GAZETA WYBORCZA readers’ questions to Jonathan Carroll:


1. Which out of all the ordinary things makes you smile and does it become the most magical thing at this very moment?

When life smiles at you, or winks. A dog in front of you on the street leaps into the air for sheer joy. A man who’s had too much to drink starts singing suddenly and he’s got a damned good voice. A beautiful woman looks at you a moment too long when you pass each other on the street. As the architect Le Corbusier said, God is in the details. When those details are apparent, it makes me smile.

2. What kind of influence does death, a motif so often present in your novels, have on your personal life?
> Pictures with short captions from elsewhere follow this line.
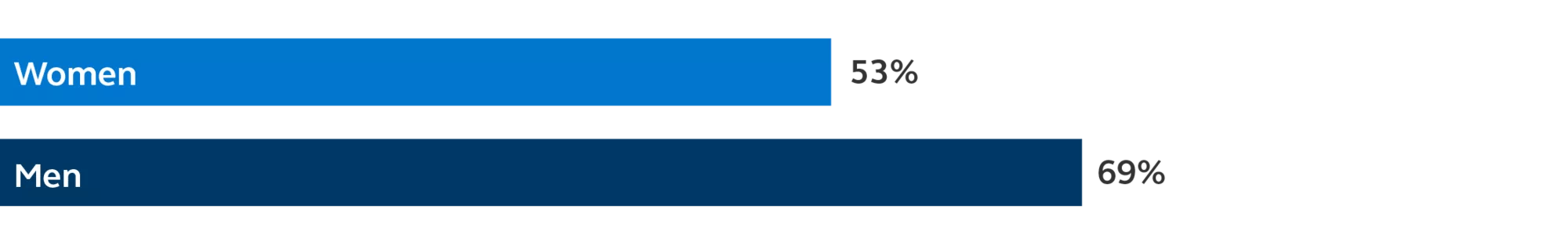 Perceived job opportunity differs by gender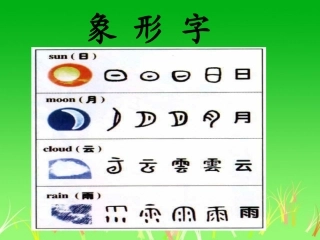 (部编)人教2011课标版一年级上册2016新人教版一年级上册语文《日月水火》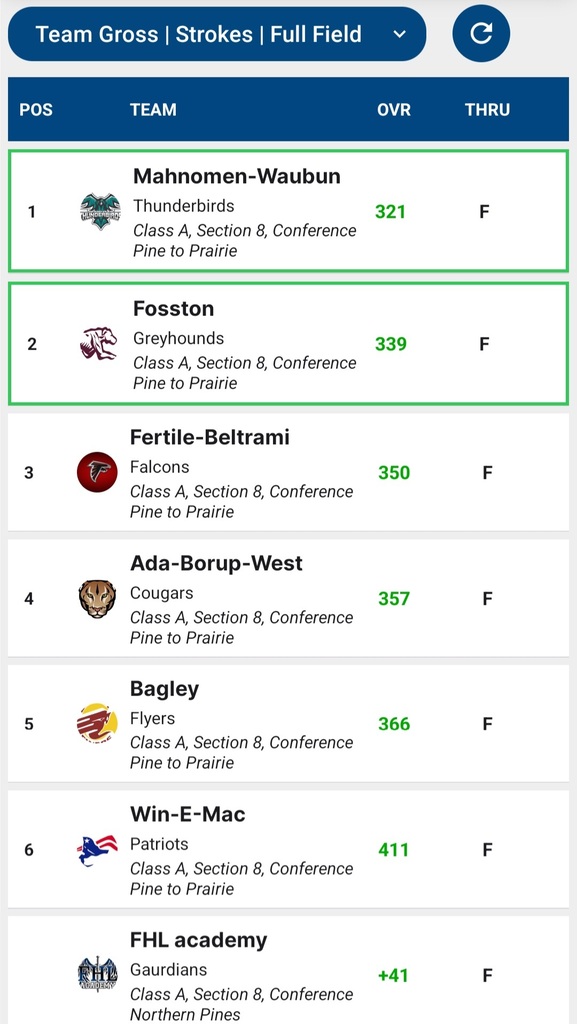 Boys Golf Team Score Card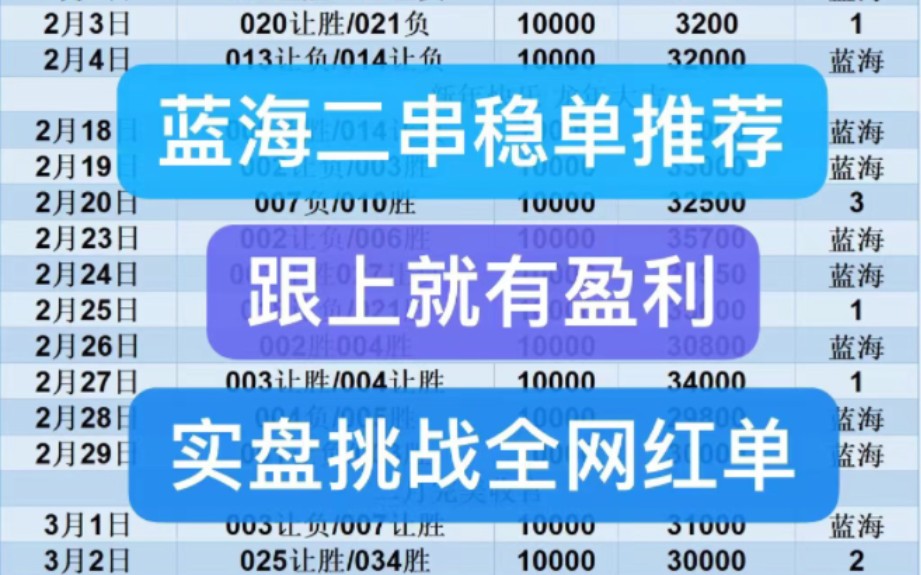 蓝海精准二串推荐,昨日也是问问拿下,稳定长期投资哔哩哔哩bilibili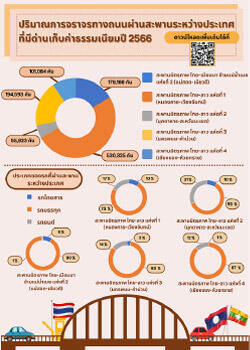 Infograph 4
Very little, although in recent times two people I cared for very much died in the same week. I think about it when I am writing because I think death and human love are the only two topics worth telling stories about. The rest is trimming for the Christmas tree. The two big things that affect us all are the things we should spend at least some time thinking about and not ignore simply because they are disturbing or depressing. But in my every day, I don’t spend too much time dwelling over it. I’d rather walk the dog.

3. Writing is sometimes hard to stop. How do you know the right moment you have achieved the final form of the book?

Usually a book tells me when it is finished, not the other way around. Almost every time I have come to what I think is the end of a book, it tells me no, twenty more pages. Or it says you don’t need those extra twenty pages because it is finished now. Always the story is very insistent about its conclusion, and I am not being humorous now—when it says jump, I jump.

4. I associate your books with a line from a poem, which can be paraphrased as “everybody is alone in this earth, nailed with sunbeams”. We are solitary, what is your solitude like?

A friend of mine was approached on the street the other day by a Hare Krishna believer. But before the H.K. could begin his speech, my friend said loudly to him, “I’m lost, but I’m loving it!” The Hare Krishna guy didn’t know what to say and walked away. I like solitude, I like being by myself most of the time. Not because I’m such an interesting person, but because there are a lot of things to do and to think about in solitude which when you’re with others, you push away for various reasons. So I guess I could paraphrase my friend’s line by saying “I’m alone most of the time but I’m loving it!”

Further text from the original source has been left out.